**** Given data
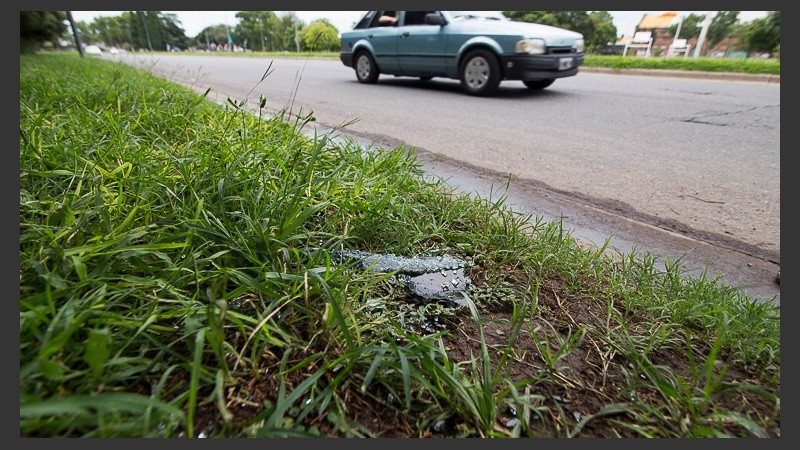 Restos de vidrios que quedaron en la escena donde se produjo el hecho.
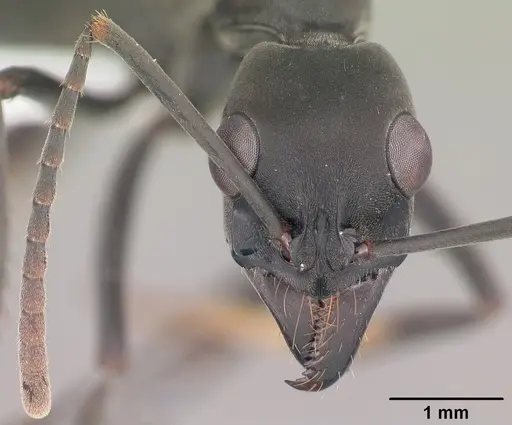 Neoponera verenae specimen CASENT0103061 image casent0103061_2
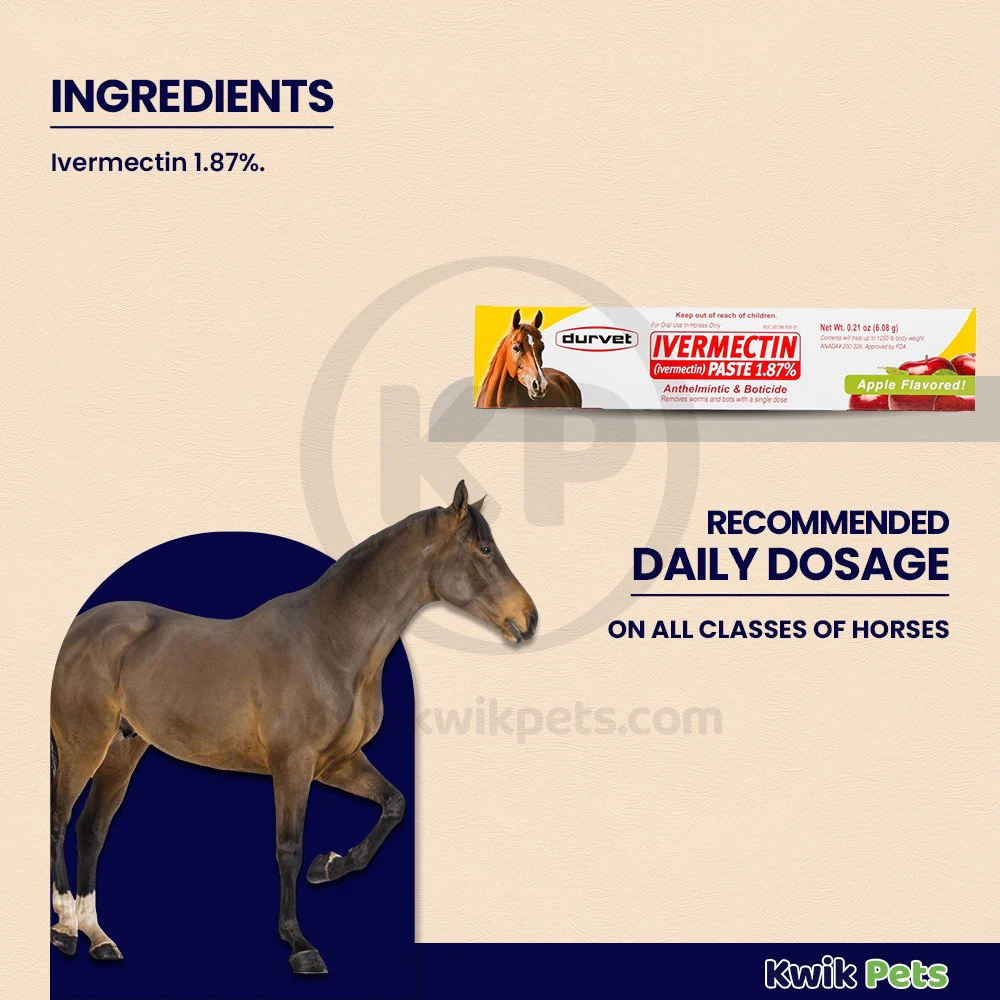Durvet lvermectin Horse Dewormer Paste Apple Flavor 0.21-Oz - Image 3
********
• Work to be completed
Line by line, reproduce the material above exactly, leaving each picture out.

• Written reply
 Restos de vidrios que quedaron en la escena donde se produjo el hecho.
 Neoponera verenae specimen CASENT0103061 image casent0103061_2
Durvet lvermectin Horse Dewormer Paste Apple Flavor 0.21-Oz - Image 3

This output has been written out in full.